I remember a “Star Trek, The Second Generation” episode where Captain Picard encountered a race that only spoke in parables. By the end of the show he had become part of a new parable. At the time I thought it was a very inefficient way of communicating and dismissed it. As I’m pushing myself harder in my learning, I’m beginning to see the truth in that show now. The way we see the world, the way we learn is built around what we’ve already experienced. An example of that would be my hatred of poetry. In grades four through six, my teachers did everything they could to suck the very life out of poetry for me. It wasn’t that they hated me, it certainly wasn’t they hated poetry. On the contrary, they loved it so much that they did not explain the virtues at levels I could appreciate. The more they extolled virtues that were invisible to me, the more I hated what I could not comprehend.
My wife has actually helped me a lot in understanding some of these issues. I’ve mentioned before that we come from different worlds. She trains animals while I design and sometimes program computers. To me, file structures, bits, memory, processors are all elementary knowledge. To my wife, horse nutrition, behavior, conditioning are all elementary knowledge. When I start taking about a computer problem, it’s not that she doesn’t care, she doesn’t have the background to understand what I’m saying. The same applies when she’s trying to explain something about the behavior of a horse. Each of us has a basic set of knowledge that allows us to see and correct small nuances in our specialty. Communicating that to someone without the same background is very difficult.
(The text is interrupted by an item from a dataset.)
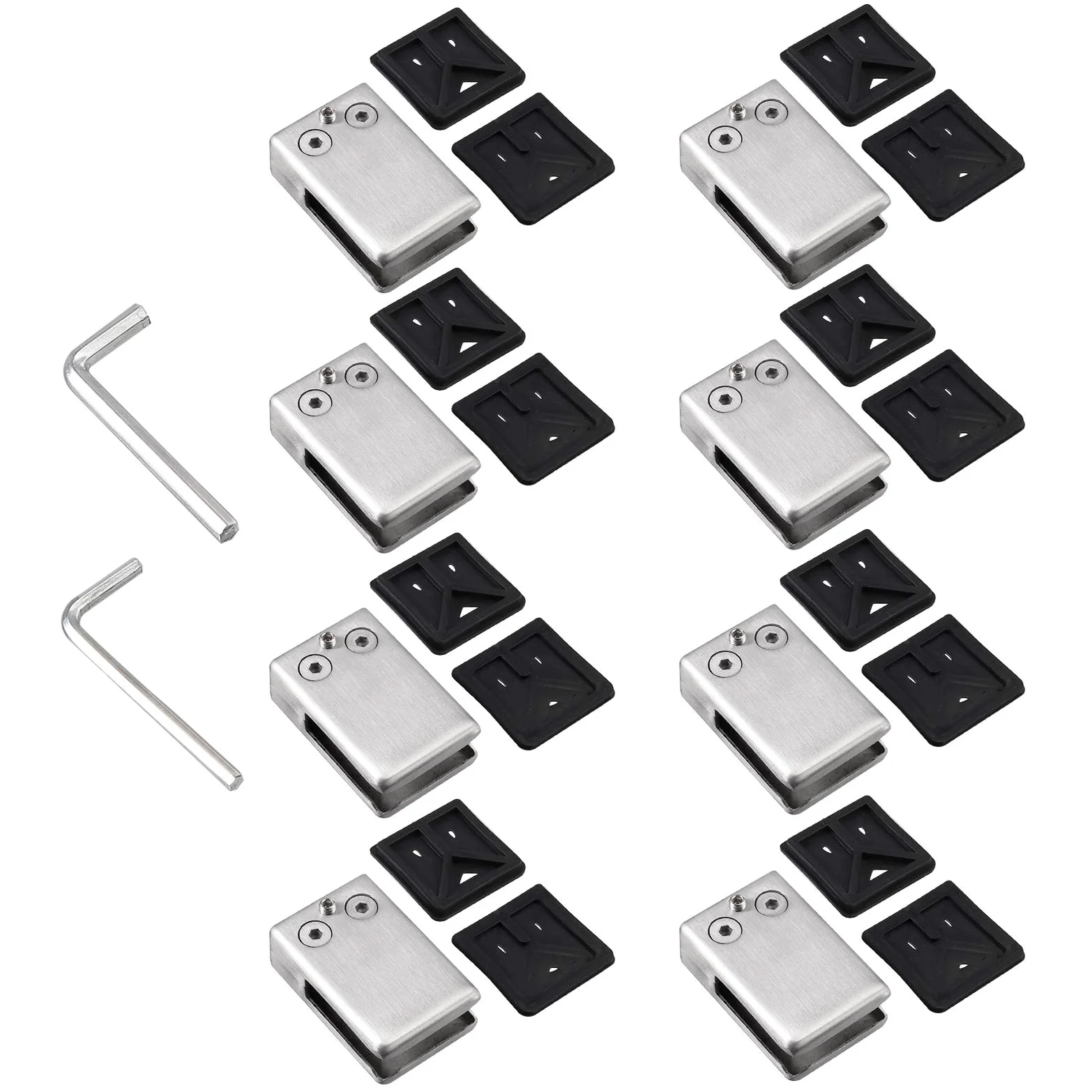 Proster Abrazaderas de Cristal 8PCS Clips de Vidro Cuadrado Acero Inoxidable 304 Glass Clamp Abrazaderas para Barandilla Escalera Pasamano-Satinado 11/12mm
I have to take the time and really think about how my message is being perceived. Am I speaking at too high a level or too low a level?
The instructors at Udacity are faced with a similar problem. Do they teach at a low level and make the content worthless to everyone with a reasonable background or do they teach at such a high level that only a few students understand. Personally, for the most part, I like the compromise they’ve selected. I like challenges and this is certainly proving to be a challenge. They warned me with the course numbers. CS253 is certainly going to be more challenging than CS101 and you would expect CS387 to be even harder. Sometimes I feel like I’m doing twice as much work trying to build the background I need for these courses, especially as I do my homework.
At the end of all this I will have put in a lot of effort. Certainly not for the certificate but for the feeling of accomplishment that comes with succeeding. Of course, if you take a close look at the picture for this post, you’ll notice it’s the certificate I got for CS101. I’ll admit to being very proud of it.